The bunker penetrates up to 100 feet underground and was originally designed to protect against nuclear explosions. Not only are some of the reinforced concrete slabs up to six feet thick, some areas are further protected by being mounted inside vibration absorbing rubber inside a concrete sandwich, behind foot-thick steel doors weighing up to five tons.
Deep inside the bunker are concrete lined rooms housing racks full of servers, while others can become disaster recovery centres where customers can relocate their organisations when required. Lightfoot enthuses about the use of open source tools to provide digital security, claiming that this allows The Bunker to make use of the latest and best technology while containing costs.
Once a military facility, it feels sparsely oppressive as there's no effort made to install modern office furniture or accoutrements, or to allow any daylight in. Operations director Paul Lightfoot is keen to retain this bleak look and feel.
Claiming that the organisation is one of a kind, many if not most of the directors and employees have military, security industry and/or police backgrounds. These give the organisation an edge, says Lightfoot, who is in charge of security, data management and pretty much everything else on a day-to-day basis. Lightfoot also reckoned that the company's connections with the military mean that, when RAF or army camps are mothballed, The Bunker is first on the scene, ready to buy up sites for future use.
Not only does the physical environment help protect customer data and equipment, Lightfoot is keen to point out that hiring people from specific backgrounds helps generate what he called "a culture of security". "They think security before they react to anything", he says, "otherwise it could open up big security holes. The physical, hard-edged aspect of the place helps maintain that atmosphere, according to Lightfoot.
Examples of security-consciousness include a policy of accompanying any visitor wherever they go, even if they're accessing their own kit within a rack, much pass-checking, and numerous warnings about what can and cannot be mentioned in public.
Dogs as well
As you might expect, this is reinforced by regular guard dog patrols 365 days a year, CCTV cameras, and a host of equipment designed to protect against electro-magnetic pulses, measures to combat electronic eavesdropping, including RFI screening using Tempest technology, and other disruptions to sensitive electronics such as excessive solar radiation (but surely this is underground? –ed)

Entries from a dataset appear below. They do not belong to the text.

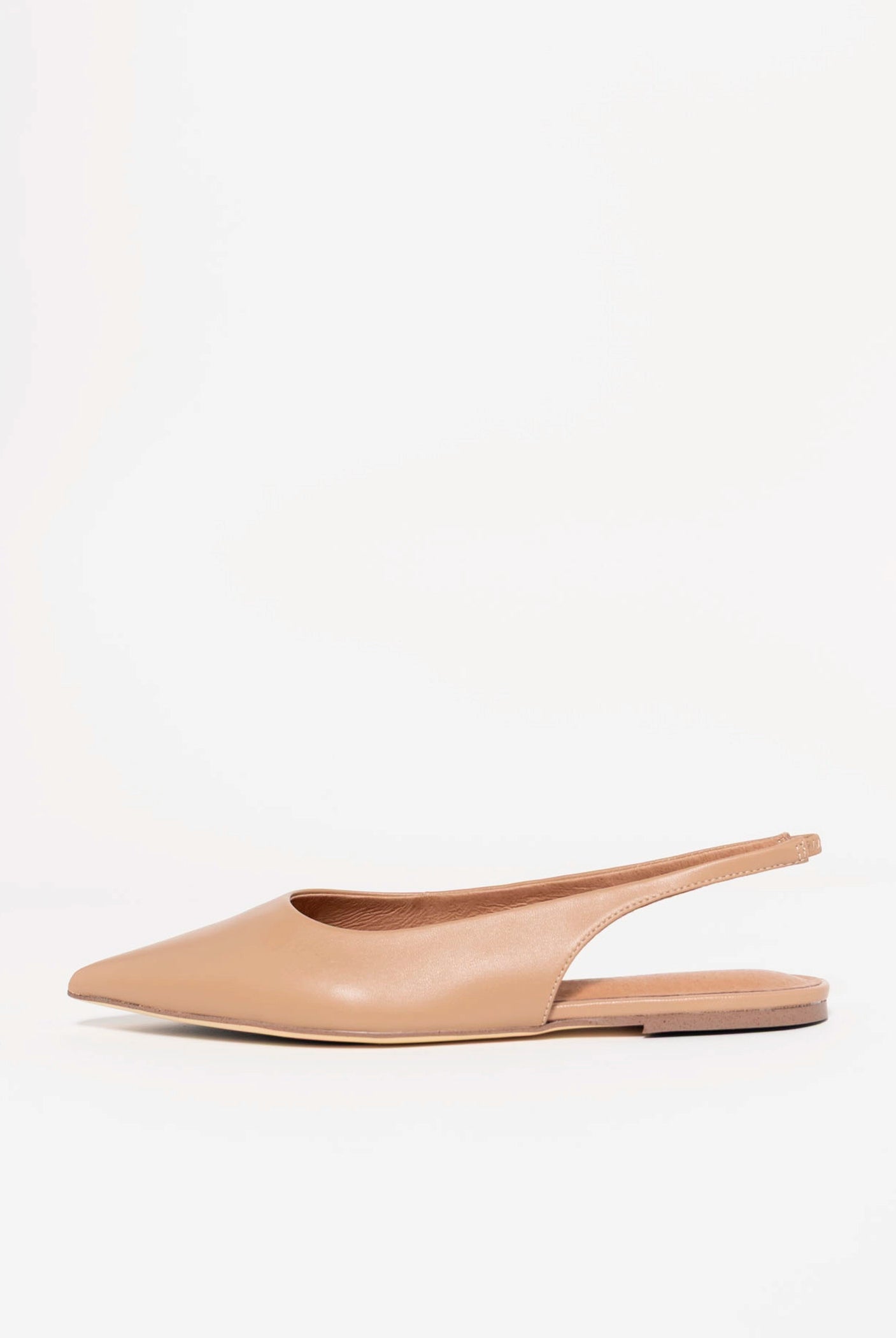 swatch_Peru Leather tony bianco javier slingback flat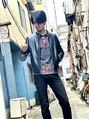 トゥービーコンティニュー(To Be Continued..) ゲーマー美 容師ケント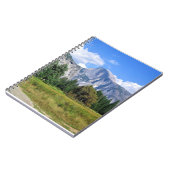 Carnet Demi-Dôme, Parc national de Yosemite, CA (Côté gauche)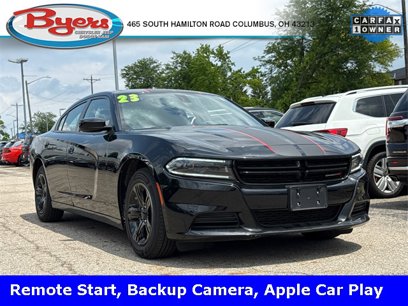 Used 2023 Dodge Charger SXT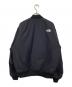 THE NORTH FACE (ザ ノース フェイス) Insulation Bomber Jacket ブラック サイズ:S：20000円
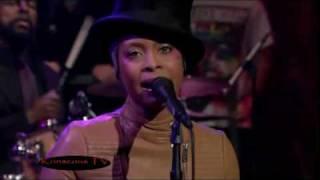 Erykah Badu - Window Seat Live Performance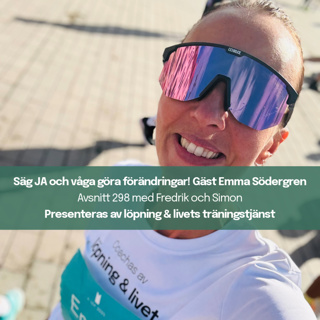 298. Säg JA och våga göra förändringar!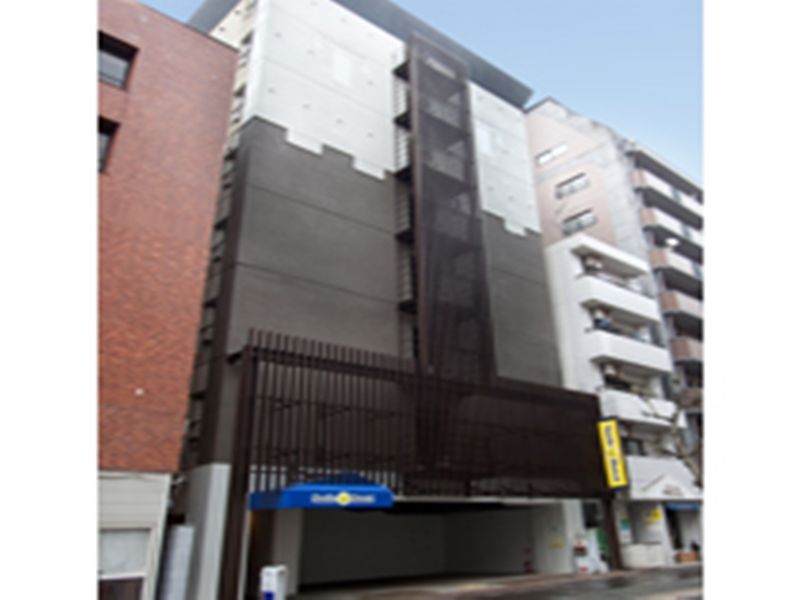 สไมล์ โฮเต็ล ฮาคาตะ Hotel ฟูกุโอกะ ภายนอก รูปภาพ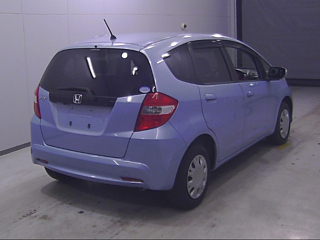 HONDA FIT 2013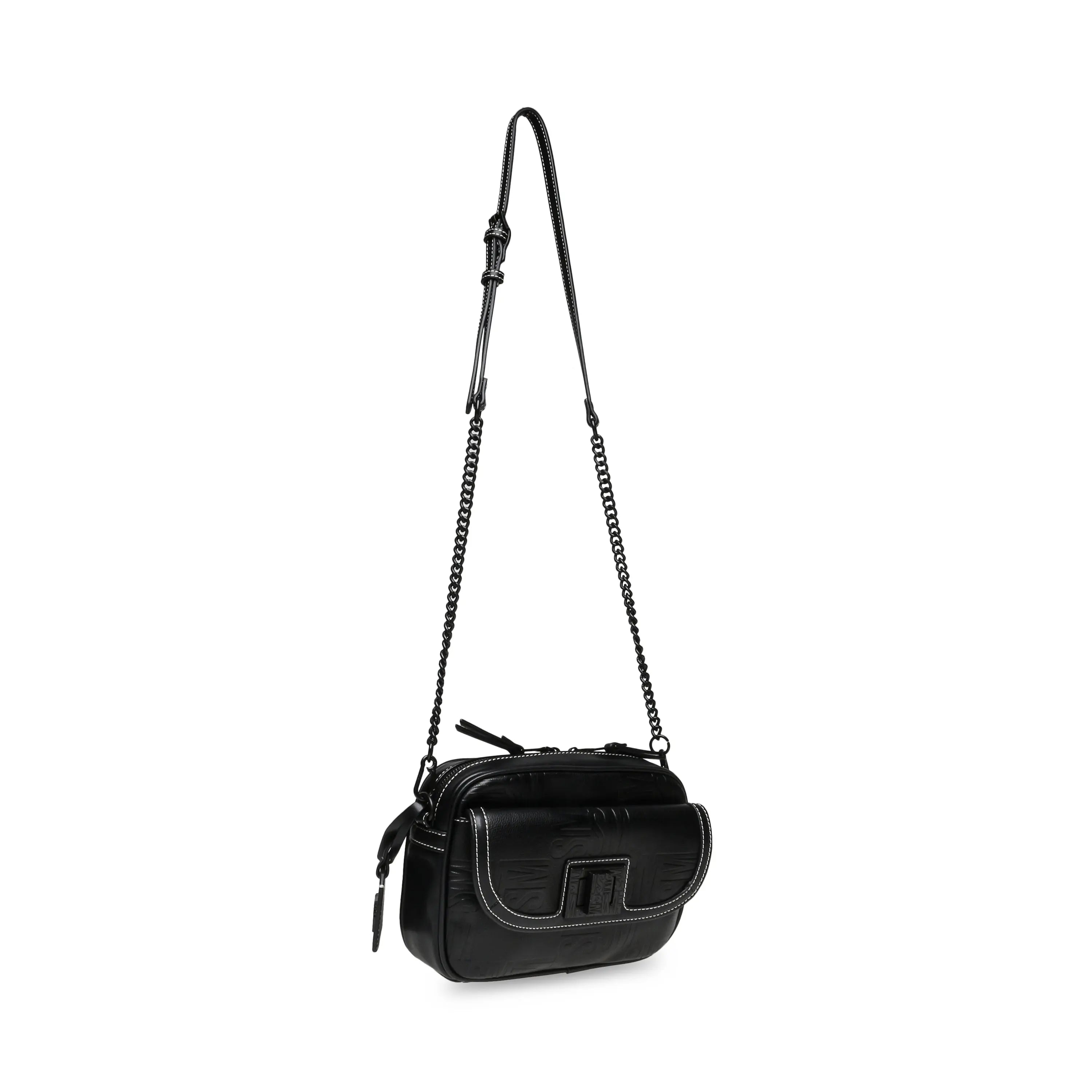 BLIGHT-E BLACK/BLACK - Bellabags STEVE MADDEN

In addition to the generally forbidding aspect, which Lightfoot sees as a benefit, the location of the company's bunkers in Kent, Berkshire and Suffolk is kept secret through non-disclosure agreements, one of which your reporter had to sign as a condition of entry.
Continuity is maintained by two direct but separate, three-phase 11kV links to the National Grid, enough water (250,000 litres of it), food and fuel to keep the site up and running for 90 days - Lightfoot couldn't or wouldn't say which resource would run out first - along with three layers of power security in the form of diesel generators and a whole roomful of lead-acid batteries.
Even though your taxes and mine paid for much of it - the MoD undertook a £46 million refit before selling it to A L Digital, which was recently acquired by The Bunker - the cost of buying it was "an order of magnitude less", according to sales and marketing director Thomas Nikolopulos. Otherwise, as he accepts, the business logic wouldn't work.
And the company is looking for more business. In today's climate of security-consciousness, regulatory insistence on adequate protection for data in the form of Sarbanes-Oxley, Basel II and others, and the possibility of companies who even inadvertently allow security to slip finding themselves laid open to legal attack, The Bunker could be spearheading a new and lucrative approach.